[Data entries]
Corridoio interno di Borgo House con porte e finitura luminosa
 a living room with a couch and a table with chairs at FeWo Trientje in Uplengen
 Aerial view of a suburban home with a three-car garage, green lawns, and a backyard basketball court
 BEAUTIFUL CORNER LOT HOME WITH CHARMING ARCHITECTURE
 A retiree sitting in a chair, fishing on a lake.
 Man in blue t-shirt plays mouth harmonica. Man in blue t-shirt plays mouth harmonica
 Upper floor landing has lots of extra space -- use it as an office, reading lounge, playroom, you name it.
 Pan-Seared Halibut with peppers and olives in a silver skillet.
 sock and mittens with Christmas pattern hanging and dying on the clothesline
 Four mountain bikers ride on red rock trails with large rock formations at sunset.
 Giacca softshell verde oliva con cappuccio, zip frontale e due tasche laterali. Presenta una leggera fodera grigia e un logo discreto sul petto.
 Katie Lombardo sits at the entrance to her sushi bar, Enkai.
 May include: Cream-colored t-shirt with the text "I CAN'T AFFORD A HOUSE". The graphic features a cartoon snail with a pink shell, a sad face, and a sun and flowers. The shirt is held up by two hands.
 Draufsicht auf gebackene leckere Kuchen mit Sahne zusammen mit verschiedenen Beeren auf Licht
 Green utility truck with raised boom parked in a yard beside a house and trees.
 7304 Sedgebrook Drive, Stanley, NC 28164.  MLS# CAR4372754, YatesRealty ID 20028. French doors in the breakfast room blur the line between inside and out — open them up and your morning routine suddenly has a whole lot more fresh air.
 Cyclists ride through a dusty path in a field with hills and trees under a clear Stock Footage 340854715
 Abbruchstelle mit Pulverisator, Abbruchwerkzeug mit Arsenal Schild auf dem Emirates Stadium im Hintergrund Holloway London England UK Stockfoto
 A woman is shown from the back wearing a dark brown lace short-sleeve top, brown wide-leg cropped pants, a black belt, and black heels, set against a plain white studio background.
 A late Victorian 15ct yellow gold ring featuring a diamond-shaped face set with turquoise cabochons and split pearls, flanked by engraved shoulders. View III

Exercise instructions: Write out only the lines from the very start of the entries above to the line that includes "Katie Lombardo sits", both ends included, each one unchanged.

Finished task:
Corridoio interno di Borgo House con porte e finitura luminosa
 a living room with a couch and a table with chairs at FeWo Trientje in Uplengen
 Aerial view of a suburban home with a three-car garage, green lawns, and a backyard basketball court
 BEAUTIFUL CORNER LOT HOME WITH CHARMING ARCHITECTURE
 A retiree sitting in a chair, fishing on a lake.
 Man in blue t-shirt plays mouth harmonica. Man in blue t-shirt plays mouth harmonica
 Upper floor landing has lots of extra space -- use it as an office, reading lounge, playroom, you name it.
 Pan-Seared Halibut with peppers and olives in a silver skillet.
 sock and mittens with Christmas pattern hanging and dying on the clothesline
 Four mountain bikers ride on red rock trails with large rock formations at sunset.
 Giacca softshell verde oliva con cappuccio, zip frontale e due tasche laterali. Presenta una leggera fodera grigia e un logo discreto sul petto.
 Katie Lombardo sits at the entrance to her sushi bar, Enkai.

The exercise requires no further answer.